[Data supplied — start]

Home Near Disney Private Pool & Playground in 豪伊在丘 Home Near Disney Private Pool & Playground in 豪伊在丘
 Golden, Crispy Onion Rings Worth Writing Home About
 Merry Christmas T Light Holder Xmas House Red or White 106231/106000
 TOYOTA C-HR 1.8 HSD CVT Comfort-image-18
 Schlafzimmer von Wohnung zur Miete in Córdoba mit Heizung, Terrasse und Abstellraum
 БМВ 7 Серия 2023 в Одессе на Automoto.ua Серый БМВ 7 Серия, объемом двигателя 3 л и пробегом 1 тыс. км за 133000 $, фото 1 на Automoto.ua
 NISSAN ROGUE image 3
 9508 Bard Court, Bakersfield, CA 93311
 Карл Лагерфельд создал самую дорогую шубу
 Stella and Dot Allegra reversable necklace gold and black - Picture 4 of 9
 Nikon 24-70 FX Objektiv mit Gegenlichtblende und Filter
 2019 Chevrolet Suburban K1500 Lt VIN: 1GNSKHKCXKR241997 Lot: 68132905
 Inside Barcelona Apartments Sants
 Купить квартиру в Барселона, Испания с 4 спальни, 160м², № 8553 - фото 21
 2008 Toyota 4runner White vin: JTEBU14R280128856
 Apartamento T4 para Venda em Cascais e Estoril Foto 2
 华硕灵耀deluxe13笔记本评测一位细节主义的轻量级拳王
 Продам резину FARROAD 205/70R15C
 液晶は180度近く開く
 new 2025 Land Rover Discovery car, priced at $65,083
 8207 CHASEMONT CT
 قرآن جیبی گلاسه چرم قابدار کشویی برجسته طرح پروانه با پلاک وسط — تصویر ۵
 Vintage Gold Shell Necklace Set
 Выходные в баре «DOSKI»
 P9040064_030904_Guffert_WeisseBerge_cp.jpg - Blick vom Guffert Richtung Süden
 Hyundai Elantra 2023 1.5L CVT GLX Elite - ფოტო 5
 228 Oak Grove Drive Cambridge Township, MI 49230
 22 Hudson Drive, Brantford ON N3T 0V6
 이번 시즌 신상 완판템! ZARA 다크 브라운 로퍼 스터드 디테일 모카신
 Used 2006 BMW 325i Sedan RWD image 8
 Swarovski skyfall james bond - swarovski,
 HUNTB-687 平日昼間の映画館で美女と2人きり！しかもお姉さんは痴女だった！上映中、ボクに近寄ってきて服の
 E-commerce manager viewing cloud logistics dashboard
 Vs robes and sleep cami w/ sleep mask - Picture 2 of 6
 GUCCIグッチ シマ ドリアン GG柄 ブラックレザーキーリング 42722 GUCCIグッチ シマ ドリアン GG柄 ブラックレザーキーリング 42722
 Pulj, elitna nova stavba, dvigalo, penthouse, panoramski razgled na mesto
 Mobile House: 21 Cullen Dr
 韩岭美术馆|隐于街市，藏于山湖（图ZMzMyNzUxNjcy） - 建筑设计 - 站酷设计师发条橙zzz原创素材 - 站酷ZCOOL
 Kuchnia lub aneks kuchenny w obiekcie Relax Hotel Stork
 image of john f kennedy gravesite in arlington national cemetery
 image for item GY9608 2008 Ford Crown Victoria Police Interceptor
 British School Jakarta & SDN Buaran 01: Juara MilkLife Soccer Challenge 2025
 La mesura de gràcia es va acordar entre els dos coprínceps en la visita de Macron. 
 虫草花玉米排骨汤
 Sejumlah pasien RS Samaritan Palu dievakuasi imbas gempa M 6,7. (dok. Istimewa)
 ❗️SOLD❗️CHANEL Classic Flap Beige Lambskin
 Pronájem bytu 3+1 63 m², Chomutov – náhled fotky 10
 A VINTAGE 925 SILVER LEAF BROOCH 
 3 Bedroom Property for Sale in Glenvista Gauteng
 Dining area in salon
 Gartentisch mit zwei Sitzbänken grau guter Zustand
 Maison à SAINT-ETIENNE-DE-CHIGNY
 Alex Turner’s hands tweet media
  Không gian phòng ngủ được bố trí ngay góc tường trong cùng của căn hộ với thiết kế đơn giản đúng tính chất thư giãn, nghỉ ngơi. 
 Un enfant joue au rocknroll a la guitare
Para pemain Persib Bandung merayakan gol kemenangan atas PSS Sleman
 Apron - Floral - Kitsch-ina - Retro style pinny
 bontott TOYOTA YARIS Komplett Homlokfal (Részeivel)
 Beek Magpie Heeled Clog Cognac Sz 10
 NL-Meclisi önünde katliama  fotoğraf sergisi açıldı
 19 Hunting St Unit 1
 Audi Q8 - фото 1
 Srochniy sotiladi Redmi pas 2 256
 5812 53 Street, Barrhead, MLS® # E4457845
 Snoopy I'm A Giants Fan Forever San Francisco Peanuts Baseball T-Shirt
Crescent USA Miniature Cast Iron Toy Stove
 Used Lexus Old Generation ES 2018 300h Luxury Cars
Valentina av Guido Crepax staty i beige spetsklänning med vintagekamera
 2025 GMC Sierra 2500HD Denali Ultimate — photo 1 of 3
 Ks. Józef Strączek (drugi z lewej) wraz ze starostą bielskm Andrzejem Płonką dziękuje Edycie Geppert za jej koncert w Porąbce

[Data supplied — finish]

▶ Task instructions
For each record above, write it out again exactly.

▶ Your response
Home Near Disney Private Pool & Playground in 豪伊在丘 Home Near Disney Private Pool & Playground in 豪伊在丘
 Golden, Crispy Onion Rings Worth Writing Home About
 Merry Christmas T Light Holder Xmas House Red or White 106231/106000
 TOYOTA C-HR 1.8 HSD CVT Comfort-image-18
 Schlafzimmer von Wohnung zur Miete in Córdoba mit Heizung, Terrasse und Abstellraum
 БМВ 7 Серия 2023 в Одессе на Automoto.ua Серый БМВ 7 Серия, объемом двигателя 3 л и пробегом 1 тыс. км за 133000 $, фото 1 на Automoto.ua
 NISSAN ROGUE image 3
 9508 Bard Court, Bakersfield, CA 93311
 Карл Лагерфельд создал самую дорогую шубу
 Stella and Dot Allegra reversable necklace gold and black - Picture 4 of 9
 Nikon 24-70 FX Objektiv mit Gegenlichtblende und Filter
 2019 Chevrolet Suburban K1500 Lt VIN: 1GNSKHKCXKR241997 Lot: 68132905
 Inside Barcelona Apartments Sants
 Купить квартиру в Барселона, Испания с 4 спальни, 160м², № 8553 - фото 21
 2008 Toyota 4runner White vin: JTEBU14R280128856
 Apartamento T4 para Venda em Cascais e Estoril Foto 2
 华硕灵耀deluxe13笔记本评测一位细节主义的轻量级拳王
 Продам резину FARROAD 205/70R15C
 液晶は180度近く開く
 new 2025 Land Rover Discovery car, priced at $65,083
 8207 CHASEMONT CT
 قرآن جیبی گلاسه چرم قابدار کشویی برجسته طرح پروانه با پلاک وسط — تصویر ۵
 Vintage Gold Shell Necklace Set
 Выходные в баре «DOSKI»
 P9040064_030904_Guffert_WeisseBerge_cp.jpg - Blick vom Guffert Richtung Süden
 Hyundai Elantra 2023 1.5L CVT GLX Elite - ფოტო 5
 228 Oak Grove Drive Cambridge Township, MI 49230
 22 Hudson Drive, Brantford ON N3T 0V6
 이번 시즌 신상 완판템! ZARA 다크 브라운 로퍼 스터드 디테일 모카신
 Used 2006 BMW 325i Sedan RWD image 8
 Swarovski skyfall james bond - swarovski,
 HUNTB-687 平日昼間の映画館で美女と2人きり！しかもお姉さんは痴女だった！上映中、ボクに近寄ってきて服の
 E-commerce manager viewing cloud logistics dashboard
 Vs robes and sleep cami w/ sleep mask - Picture 2 of 6
 GUCCIグッチ シマ ドリアン GG柄 ブラックレザーキーリング 42722 GUCCIグッチ シマ ドリアン GG柄 ブラックレザーキーリング 42722
 Pulj, elitna nova stavba, dvigalo, penthouse, panoramski razgled na mesto
 Mobile House: 21 Cullen Dr
 韩岭美术馆|隐于街市，藏于山湖（图ZMzMyNzUxNjcy） - 建筑设计 - 站酷设计师发条橙zzz原创素材 - 站酷ZCOOL
 Kuchnia lub aneks kuchenny w obiekcie Relax Hotel Stork
 image of john f kennedy gravesite in arlington national cemetery
 image for item GY9608 2008 Ford Crown Victoria Police Interceptor
 British School Jakarta & SDN Buaran 01: Juara MilkLife Soccer Challenge 2025
 La mesura de gràcia es va acordar entre els dos coprínceps en la visita de Macron. 
 虫草花玉米排骨汤
 Sejumlah pasien RS Samaritan Palu dievakuasi imbas gempa M 6,7. (dok. Istimewa)
 ❗️SOLD❗️CHANEL Classic Flap Beige Lambskin
 Pronájem bytu 3+1 63 m², Chomutov – náhled fotky 10
 A VINTAGE 925 SILVER LEAF BROOCH 
 3 Bedroom Property for Sale in Glenvista Gauteng
 Dining area in salon
 Gartentisch mit zwei Sitzbänken grau guter Zustand
 Maison à SAINT-ETIENNE-DE-CHIGNY
 Alex Turner’s hands tweet media
  Không gian phòng ngủ được bố trí ngay góc tường trong cùng của căn hộ với thiết kế đơn giản đúng tính chất thư giãn, nghỉ ngơi. 
 Un enfant joue au rocknroll a la guitare
Para pemain Persib Bandung merayakan gol kemenangan atas PSS Sleman
 Apron - Floral - Kitsch-ina - Retro style pinny
 bontott TOYOTA YARIS Komplett Homlokfal (Részeivel)
 Beek Magpie Heeled Clog Cognac Sz 10
 NL-Meclisi önünde katliama  fotoğraf sergisi açıldı
 19 Hunting St Unit 1
 Audi Q8 - фото 1
 Srochniy sotiladi Redmi pas 2 256
 5812 53 Street, Barrhead, MLS® # E4457845
 Snoopy I'm A Giants Fan Forever San Francisco Peanuts Baseball T-Shirt
Crescent USA Miniature Cast Iron Toy Stove
 Used Lexus Old Generation ES 2018 300h Luxury Cars
Valentina av Guido Crepax staty i beige spetsklänning med vintagekamera
 2025 GMC Sierra 2500HD Denali Ultimate — photo 1 of 3
 Ks. Józef Strączek (drugi z lewej) wraz ze starostą bielskm Andrzejem Płonką dziękuje Edycie Geppert za jej koncert w Porąbce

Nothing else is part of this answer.